Court of Appeals of Nevada
Feb 15, 2023
No. 84100-COA (Nev. App. Feb. 15, 2023)

Opinion

84100-COA

02-15-2023

JOSEPH FLEMING-EDWARDS, A/K/A JOSEPH UYLSSES FLEMING, Appellant, v. THE STATE OF NEVADA, Respondent.


UNPUBLISHED OPINION

ORDER OF REVERSAL AND REMAND

GIBBONS C.J.

Joseph Fleming-Edwards (Fleming) appeals from a judgment of conviction, pursuant to a jury verdict, of ownership or possession of firearm by prohibited person. Eighth Judicial District Court, Clark County; Christy L. Craig, Judge.

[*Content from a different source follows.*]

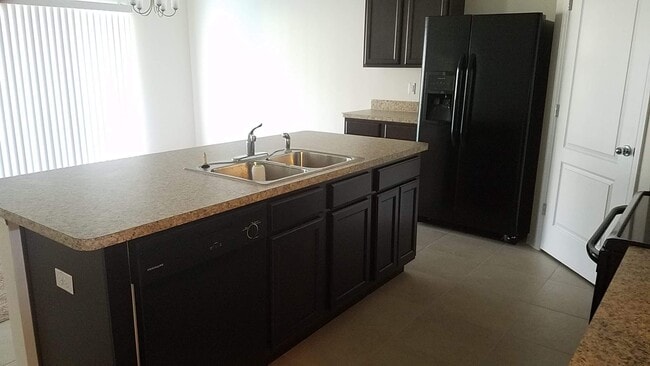 884 Freedom Blvd in Davenport, FL - Building Photo - Building Photo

On December 3, 2020, at around 4:45 a.m., LVMPD Officer Quinn Lamboo noticed a white Dodge Charger approaching from the opposite direction with its high beams illuminated. Officer Lamboo followed the Charger, paced it going 60 miles per hour in a 45 miles per hour zone, and initiated a traffic stop. According to Officer Lamboo, the Charger took a "prolonged amount of time to stop." Once the Charger had pulled over, Officer Lamboo called for backup.

We recount facts only as necessary for our disposition.

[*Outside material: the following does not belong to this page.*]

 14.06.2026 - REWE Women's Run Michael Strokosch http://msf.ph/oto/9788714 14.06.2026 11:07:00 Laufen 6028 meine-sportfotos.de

Fleming does not dispute the validity of the initial traffic stop.

Officer Lamboo contacted the driver, identified as Fleming, and requested Fleming's license, insurance, and registration. Fleming provided the documents, which Officer Lamboo took back to his vehicle to conduct a records check.

The records check disclosed arrests (but not convictions) for prior violent offenses as well as an arrest for murder of a police officer with the use of a deadly weapon. While Officer Lamboo was still in his patrol vehicle, backup Officer Jaime Gallegos arrived. Officers Lamboo and Gallegos returned to Fleming's car together and found him on the phone with his girlfriend. Officer Lamboo asked Fleming to exit the vehicle to conduct a field interview. Fleming initially declined, but after a conversation with Officer Lamboo lasting approximately one minute, he exited the vehicle when Officer Lamboo promised he could remain on the phone with his girlfriend.

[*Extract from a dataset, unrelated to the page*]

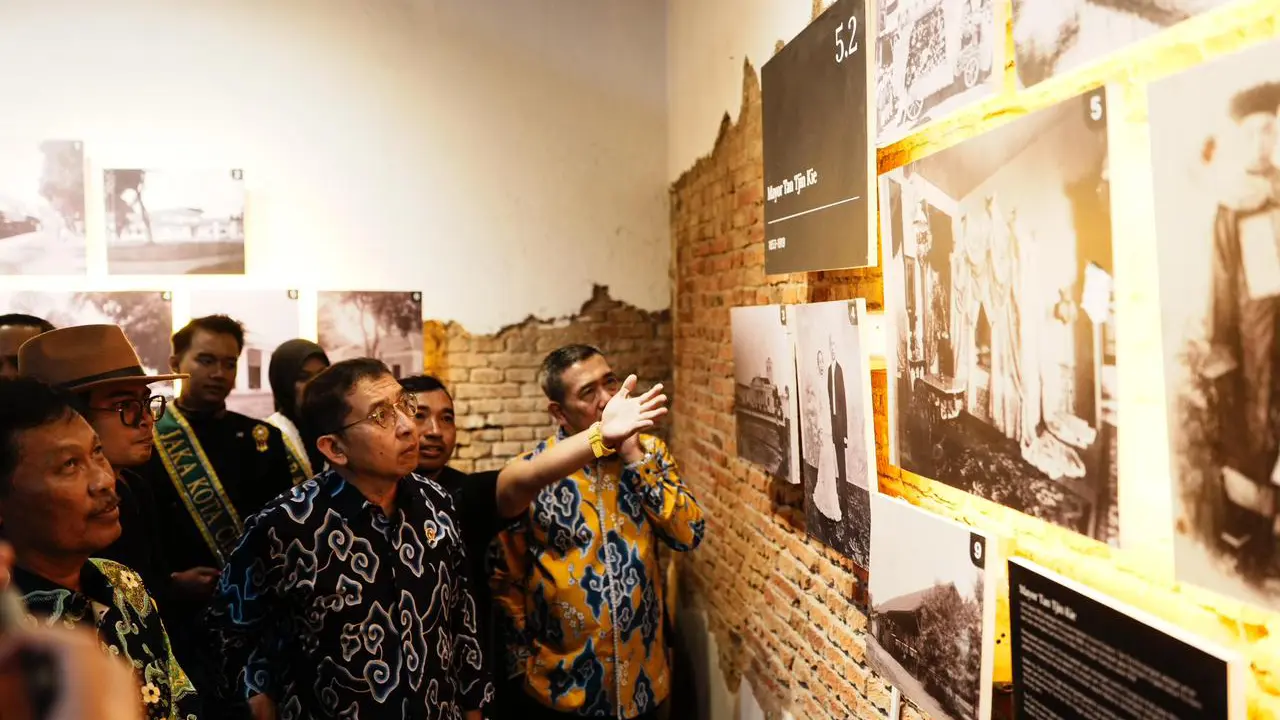 Menteri Kebudayaan Fadli Zon saat melihat Festival Komunitas Seni Media (FKSM) 2025 di Kompleks Gudang Pelabuhan PT Pelindo, Cirebon. (Dok. Rilis)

Officer Lamboo escorted Fleming to his police cruiser and patted him down for weapons. No weapons were found. While Officer Lamboo was searching Fleming's person, Officer Gallegos began to search Fleming's vehicle. Officer Gallegos opened the driver's side front door of the Charger and observed an extended magazine for a handgun in the driver's door panel pocket. Officer Gallegos then signaled to Officer Lamboo to place Fleming in custody and continued to search the car.

Officer Gallegos eventually located a 1911 .45 caliber handgun tucked behind the passenger seat in the map pocket. After reading Fleming his Miranda rights, Officer Lamboo asked Fleming if his DNA would be on the gun, to which Fleming answered "yes." After finding the firearm, the vehicle was then frozen pending a search warrant.

The State charged Fleming with one count of ownership or possession of firearm by a prohibited person pursuant to NRS 202.360. Prior to trial, Fleming filed two motions relevant to this appeal, the first being a motion to suppress fruits of illegal search. In this motion, Fleming argued that the State unlawfully extended his traffic stop by asking him to exit the vehicle without reasonable suspicion to justify that request. The State responded that officers were permitted to remove Fleming from the vehicle and then "frisk" the vehicle for weapons. The district court found police officers did not unlawfully remove Fleming from his vehicle or impermissibly extend the duration of the traffic stop by asking him to exit his vehicle, and that evidence of the firearm did not need to be suppressed. The court's order denying Fleming's motion contained a single sentence conclusion.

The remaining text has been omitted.